German architect Ludwig Mies van der Rohe stands out for defining his own architectural style that, combining clarity and simplicity, reshaped 21st century styles. As a pioneer of modern architecture, the last director of the Bauhaus school takes the R spot in the A to Z series for creating Germany’s remarkable pavilion at World Expo 1929 Barcelona.

Commissioned by the German Government to design a representative space incarnating the modernity of the era, Mies van der Rohe teamed with Lilly Reich to create the radical, yet refined structure. Built with marble, travertine, chromed steel and red onyx, the pavilion had an ethereal quality, interacting with light and with the reflections of the rectangular pool that formed part of it.

With its flat roof hovering over the offset walls, the pavilion had a simple, continuous form that blurred the lines between outside and inside. Designed by Mies van der Rohe as an “ideal zone of tranquility”, the arrangement of the walls created a series of distinct yet open spaces, giving visitors a path to follow throughout the structure.

Serving as the entrance space to the German section at the Expo, the pavilion was incredibly minimalist; instead of hosting exhibits it was remarkable for the experiential volume it created. The few objects on display were specially designed pieces of furniture; the iconic Barcelona chairs, and George Kolbe’s statue – Alba – overlooking the reflecting pool.

As a temporary structure, the pavilion was dismantled following the Expo.

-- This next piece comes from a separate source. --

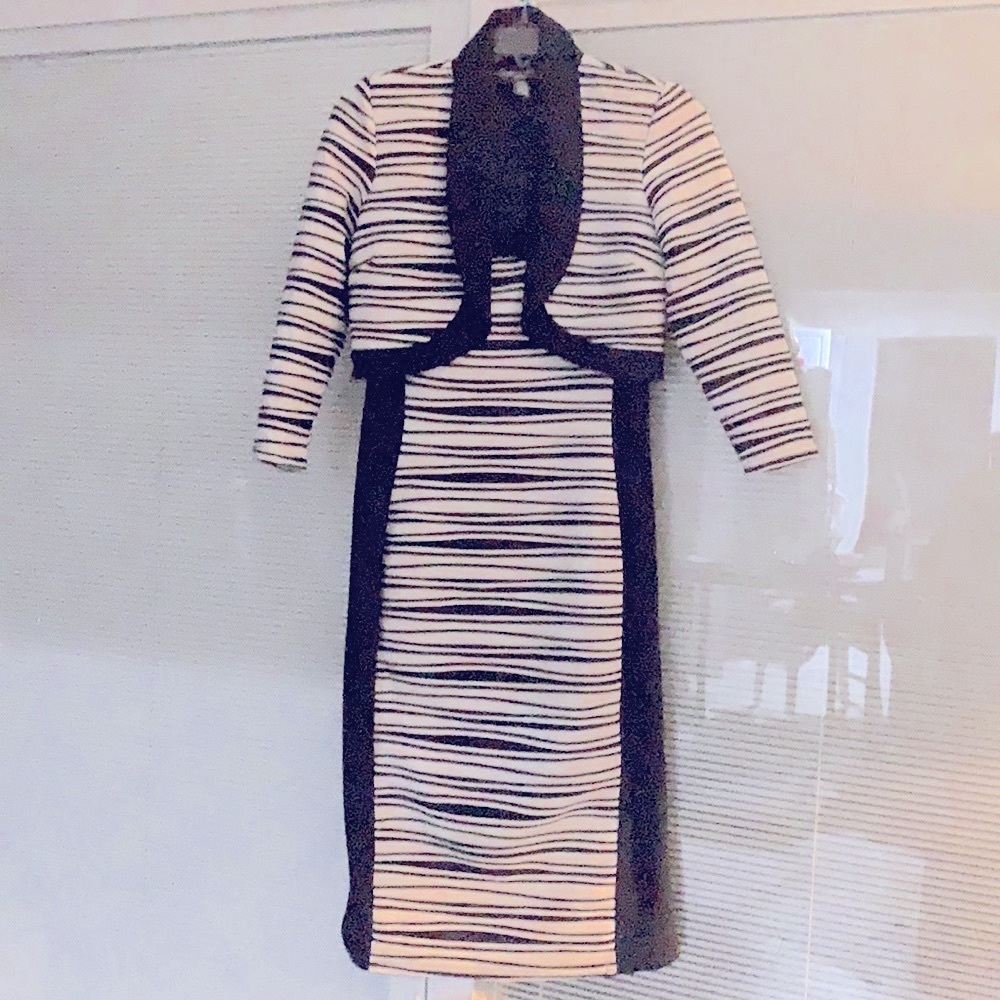 R&M size 10 petite sleeveless dress with Bolero Jacket.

Nevertheless, its modern aesthetic remained legendary, with Mies van der Rohe – who moved to the United States in 1933 – celebrated for continuing to develop his rational style.

With renewed interest in the pavilion in the 1970s and 1980s, a group of Catalan architects reproduced the pavilion between 1983 and 1986, using the same style and materials as Mies van der Rohe had used in 1929. Now known simply as the Barcelona Pavilion, it is one of the icons of the city and remains a triumph of modern architecture.